Come affermato in successive pronunce, tra cui Cass. n. 31933/2019, la circostanza che il socio abbia percepito o meno somme in sede di liquidazione non è però elemento dirimente ai fini dell’interesse ad agire del creditore, il quale può conservare un interesse giuridicamente apprezzabile ad ottenere una pronuncia anche solo dichiarativa, per esempio ai fini dell’escussione di garanzie o in vista di sopravvenienze attive.
Tale principio è stato ribadito anche dalla più recente giurisprudenza (Cass. SS.UU. n. 619/2021; Cass.
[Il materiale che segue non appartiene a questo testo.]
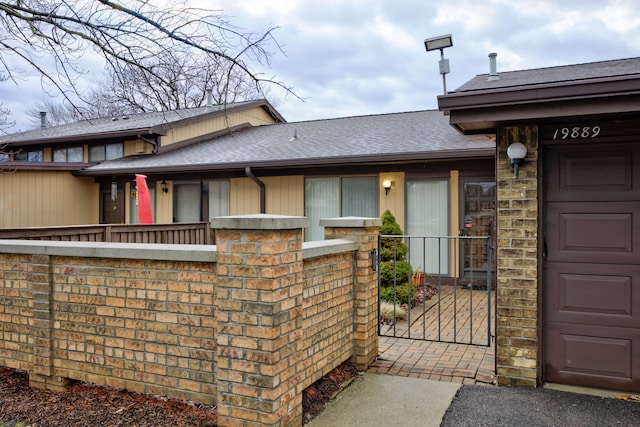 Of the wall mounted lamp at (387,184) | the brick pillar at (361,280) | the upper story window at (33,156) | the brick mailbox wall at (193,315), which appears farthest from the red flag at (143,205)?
the upper story window at (33,156)

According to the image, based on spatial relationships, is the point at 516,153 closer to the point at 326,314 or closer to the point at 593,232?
the point at 593,232

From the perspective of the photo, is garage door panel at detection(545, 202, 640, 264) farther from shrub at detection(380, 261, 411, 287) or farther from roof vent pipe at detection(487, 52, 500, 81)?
shrub at detection(380, 261, 411, 287)

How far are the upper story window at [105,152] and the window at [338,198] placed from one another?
630 cm

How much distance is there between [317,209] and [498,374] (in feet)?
21.9

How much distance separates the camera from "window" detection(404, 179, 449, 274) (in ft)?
29.5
N. 2/2022; Cass. 26758/2022; Cass. 8633/2024), secondo cui l’interesse ad agire ex art. 100 c.p.c. ha natura dinamica e può sussistere anche in assenza di utilità immediatamente conseguibili, ogniqualvolta la parte attrice rappresenti l’esigenza di munirsi di un titolo idoneo a tutelare il proprio diritto in concreto, anche rispetto a situazioni sopravvenute o in via meramente conservativa.
D’altra parte, la successione a titolo universale dei soci delle società estinte implica che correttamente nel loro contraddittorio prosegue il giudizio nei confronti della società stessa, salva poi la limitazione, che va provata in quel medesimo giudizio, della responsabilità patrimoniale dei singoli successori, assimilabile a quella dell’erede beneficiato, entro le somme effettivamente percepite (o, come nella specie, percepibili in esito al positivo sviluppo di separate azioni) in sede di bilancio di liquidazione.
Nel caso di specie, inoltre, la Corte territoriale aveva omesso del tutto di considerare – benché espressamente allegata e documentalmente dimostrata dall’appellante – la pendenza del giudizio revocatorio promosso nei confronti degli stessi ex soci, avente ad oggetto l’atto di trasferimento del patrimonio immobiliare della società estinta, potenzialmente lesivo della garanzia patrimoniale del creditore.
Eppure, tale circostanza rivestiva carattere decisivo ai fini della valutazione della sussistenza in concreto dell’interesse ad agire, in quanto dimostrativa della concreta possibilità, per il creditore, di ottenere – a seguito dell’eventuale accoglimento dell’azione revocatoria – un’effettiva soddisfazione del credito, nei limiti della responsabilità dei soci ex art. 2495 c.c.
Alla luce delle considerazioni e dei principi sopra enucleati, la Corte Suprema ha pertanto cassato con rinvio la sentenza impugnata.